┌──

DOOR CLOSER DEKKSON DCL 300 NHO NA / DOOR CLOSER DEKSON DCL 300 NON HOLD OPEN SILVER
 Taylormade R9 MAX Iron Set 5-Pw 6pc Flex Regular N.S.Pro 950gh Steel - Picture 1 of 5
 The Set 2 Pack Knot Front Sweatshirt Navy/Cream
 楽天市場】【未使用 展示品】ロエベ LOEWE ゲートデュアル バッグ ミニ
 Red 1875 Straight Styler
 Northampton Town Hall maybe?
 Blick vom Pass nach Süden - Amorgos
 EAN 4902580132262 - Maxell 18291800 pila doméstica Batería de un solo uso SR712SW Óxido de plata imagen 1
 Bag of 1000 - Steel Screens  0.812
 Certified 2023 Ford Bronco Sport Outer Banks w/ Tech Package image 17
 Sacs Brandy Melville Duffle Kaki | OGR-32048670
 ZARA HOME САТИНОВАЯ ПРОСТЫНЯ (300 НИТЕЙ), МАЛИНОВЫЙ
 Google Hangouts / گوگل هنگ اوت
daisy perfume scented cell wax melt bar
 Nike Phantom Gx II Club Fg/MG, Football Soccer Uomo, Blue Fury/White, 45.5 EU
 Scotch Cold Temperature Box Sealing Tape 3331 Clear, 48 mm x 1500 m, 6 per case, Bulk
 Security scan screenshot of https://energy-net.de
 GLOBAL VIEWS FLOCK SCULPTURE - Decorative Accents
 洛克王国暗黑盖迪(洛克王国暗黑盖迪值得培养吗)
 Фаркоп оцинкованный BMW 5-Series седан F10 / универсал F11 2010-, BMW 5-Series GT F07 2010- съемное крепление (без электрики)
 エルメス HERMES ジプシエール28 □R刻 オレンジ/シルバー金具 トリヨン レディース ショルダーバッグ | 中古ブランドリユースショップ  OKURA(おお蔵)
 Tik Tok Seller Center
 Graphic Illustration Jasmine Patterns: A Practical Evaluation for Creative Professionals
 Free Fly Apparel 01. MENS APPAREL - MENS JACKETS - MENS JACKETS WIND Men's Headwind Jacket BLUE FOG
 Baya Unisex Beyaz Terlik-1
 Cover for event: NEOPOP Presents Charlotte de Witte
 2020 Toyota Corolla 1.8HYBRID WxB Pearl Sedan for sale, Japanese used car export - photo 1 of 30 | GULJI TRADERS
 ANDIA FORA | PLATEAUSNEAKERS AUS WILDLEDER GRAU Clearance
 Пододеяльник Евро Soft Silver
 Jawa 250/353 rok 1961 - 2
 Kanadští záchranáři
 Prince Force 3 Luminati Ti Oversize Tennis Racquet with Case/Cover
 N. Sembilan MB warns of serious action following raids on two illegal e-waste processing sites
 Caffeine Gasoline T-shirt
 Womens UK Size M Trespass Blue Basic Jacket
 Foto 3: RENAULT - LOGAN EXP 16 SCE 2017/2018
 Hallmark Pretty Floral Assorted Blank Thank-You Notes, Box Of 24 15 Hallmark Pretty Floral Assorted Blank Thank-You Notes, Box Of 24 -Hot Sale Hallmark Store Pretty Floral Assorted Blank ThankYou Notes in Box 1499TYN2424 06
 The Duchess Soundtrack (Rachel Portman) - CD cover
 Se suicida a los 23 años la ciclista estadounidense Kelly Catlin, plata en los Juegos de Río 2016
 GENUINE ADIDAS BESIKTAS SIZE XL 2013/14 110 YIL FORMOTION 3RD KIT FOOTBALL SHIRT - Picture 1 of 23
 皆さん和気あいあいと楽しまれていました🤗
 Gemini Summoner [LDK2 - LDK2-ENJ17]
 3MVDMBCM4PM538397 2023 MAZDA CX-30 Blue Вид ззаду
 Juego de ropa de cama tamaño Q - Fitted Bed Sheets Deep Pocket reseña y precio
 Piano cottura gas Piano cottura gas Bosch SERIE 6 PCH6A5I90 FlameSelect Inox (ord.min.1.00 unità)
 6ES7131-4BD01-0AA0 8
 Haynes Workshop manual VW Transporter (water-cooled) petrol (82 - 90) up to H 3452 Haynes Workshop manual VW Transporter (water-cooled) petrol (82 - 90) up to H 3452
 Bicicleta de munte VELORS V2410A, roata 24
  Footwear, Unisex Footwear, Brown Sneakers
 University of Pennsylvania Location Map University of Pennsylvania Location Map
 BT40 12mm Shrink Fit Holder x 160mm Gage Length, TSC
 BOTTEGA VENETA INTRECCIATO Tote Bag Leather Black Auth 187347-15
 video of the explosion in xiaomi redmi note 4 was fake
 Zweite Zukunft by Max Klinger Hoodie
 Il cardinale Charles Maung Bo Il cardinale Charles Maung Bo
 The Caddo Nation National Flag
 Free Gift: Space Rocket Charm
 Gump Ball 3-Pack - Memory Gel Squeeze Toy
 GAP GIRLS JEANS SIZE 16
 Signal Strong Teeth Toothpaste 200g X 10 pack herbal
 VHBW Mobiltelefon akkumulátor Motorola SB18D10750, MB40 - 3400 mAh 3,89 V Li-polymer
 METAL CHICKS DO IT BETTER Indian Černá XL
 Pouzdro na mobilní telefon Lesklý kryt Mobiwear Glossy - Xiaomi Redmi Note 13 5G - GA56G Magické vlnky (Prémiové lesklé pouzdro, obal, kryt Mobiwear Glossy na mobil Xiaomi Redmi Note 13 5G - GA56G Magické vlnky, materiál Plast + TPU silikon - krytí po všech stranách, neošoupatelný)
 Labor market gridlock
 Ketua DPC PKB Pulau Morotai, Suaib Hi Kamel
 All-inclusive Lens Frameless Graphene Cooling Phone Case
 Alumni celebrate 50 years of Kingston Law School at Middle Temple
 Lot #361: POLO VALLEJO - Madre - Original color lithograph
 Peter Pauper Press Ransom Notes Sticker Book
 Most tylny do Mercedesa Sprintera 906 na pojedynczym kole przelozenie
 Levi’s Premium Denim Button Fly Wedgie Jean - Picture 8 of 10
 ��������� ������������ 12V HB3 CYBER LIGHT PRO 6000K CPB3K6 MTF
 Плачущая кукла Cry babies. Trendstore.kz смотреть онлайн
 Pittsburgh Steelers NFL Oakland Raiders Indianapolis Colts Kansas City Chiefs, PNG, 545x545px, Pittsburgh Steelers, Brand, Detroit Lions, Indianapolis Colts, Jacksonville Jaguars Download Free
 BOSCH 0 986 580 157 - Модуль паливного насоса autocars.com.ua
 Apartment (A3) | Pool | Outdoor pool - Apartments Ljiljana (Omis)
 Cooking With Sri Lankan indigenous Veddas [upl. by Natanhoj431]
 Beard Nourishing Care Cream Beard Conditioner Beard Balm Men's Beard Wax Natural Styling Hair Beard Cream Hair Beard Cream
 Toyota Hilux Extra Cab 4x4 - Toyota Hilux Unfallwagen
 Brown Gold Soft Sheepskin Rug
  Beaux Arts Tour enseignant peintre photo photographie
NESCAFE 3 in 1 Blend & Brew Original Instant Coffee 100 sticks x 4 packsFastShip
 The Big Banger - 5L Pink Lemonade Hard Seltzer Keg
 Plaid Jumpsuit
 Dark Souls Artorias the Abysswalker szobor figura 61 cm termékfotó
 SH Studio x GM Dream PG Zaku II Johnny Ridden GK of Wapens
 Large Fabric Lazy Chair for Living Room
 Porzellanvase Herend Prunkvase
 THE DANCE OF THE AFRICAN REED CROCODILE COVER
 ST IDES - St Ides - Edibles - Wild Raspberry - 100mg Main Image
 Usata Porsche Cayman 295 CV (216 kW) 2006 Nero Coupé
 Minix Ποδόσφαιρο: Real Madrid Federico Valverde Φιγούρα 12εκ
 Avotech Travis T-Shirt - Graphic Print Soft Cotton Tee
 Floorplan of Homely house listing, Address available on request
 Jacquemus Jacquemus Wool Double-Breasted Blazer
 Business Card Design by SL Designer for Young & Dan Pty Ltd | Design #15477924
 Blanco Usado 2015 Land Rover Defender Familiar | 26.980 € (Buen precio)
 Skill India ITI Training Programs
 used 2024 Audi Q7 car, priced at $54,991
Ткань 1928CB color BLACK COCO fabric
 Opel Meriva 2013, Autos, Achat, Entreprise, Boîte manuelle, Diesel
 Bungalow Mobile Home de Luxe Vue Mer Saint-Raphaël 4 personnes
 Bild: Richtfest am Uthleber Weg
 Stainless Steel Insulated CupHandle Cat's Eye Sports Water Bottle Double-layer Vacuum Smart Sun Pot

└──

- _Prompt_: Starting with the first line of the listing above, copy each line exactly until you have copied the line containing "Scotch Cold Temperature". Stop there.

- _Result below_:
DOOR CLOSER DEKKSON DCL 300 NHO NA / DOOR CLOSER DEKSON DCL 300 NON HOLD OPEN SILVER
 Taylormade R9 MAX Iron Set 5-Pw 6pc Flex Regular N.S.Pro 950gh Steel - Picture 1 of 5
 The Set 2 Pack Knot Front Sweatshirt Navy/Cream
 楽天市場】【未使用 展示品】ロエベ LOEWE ゲートデュアル バッグ ミニ
 Red 1875 Straight Styler
 Northampton Town Hall maybe?
 Blick vom Pass nach Süden - Amorgos
 EAN 4902580132262 - Maxell 18291800 pila doméstica Batería de un solo uso SR712SW Óxido de plata imagen 1
 Bag of 1000 - Steel Screens  0.812
 Certified 2023 Ford Bronco Sport Outer Banks w/ Tech Package image 17
 Sacs Brandy Melville Duffle Kaki | OGR-32048670
 ZARA HOME САТИНОВАЯ ПРОСТЫНЯ (300 НИТЕЙ), МАЛИНОВЫЙ
 Google Hangouts / گوگل هنگ اوت
daisy perfume scented cell wax melt bar
 Nike Phantom Gx II Club Fg/MG, Football Soccer Uomo, Blue Fury/White, 45.5 EU
 Scotch Cold Temperature Box Sealing Tape 3331 Clear, 48 mm x 1500 m, 6 per case, Bulk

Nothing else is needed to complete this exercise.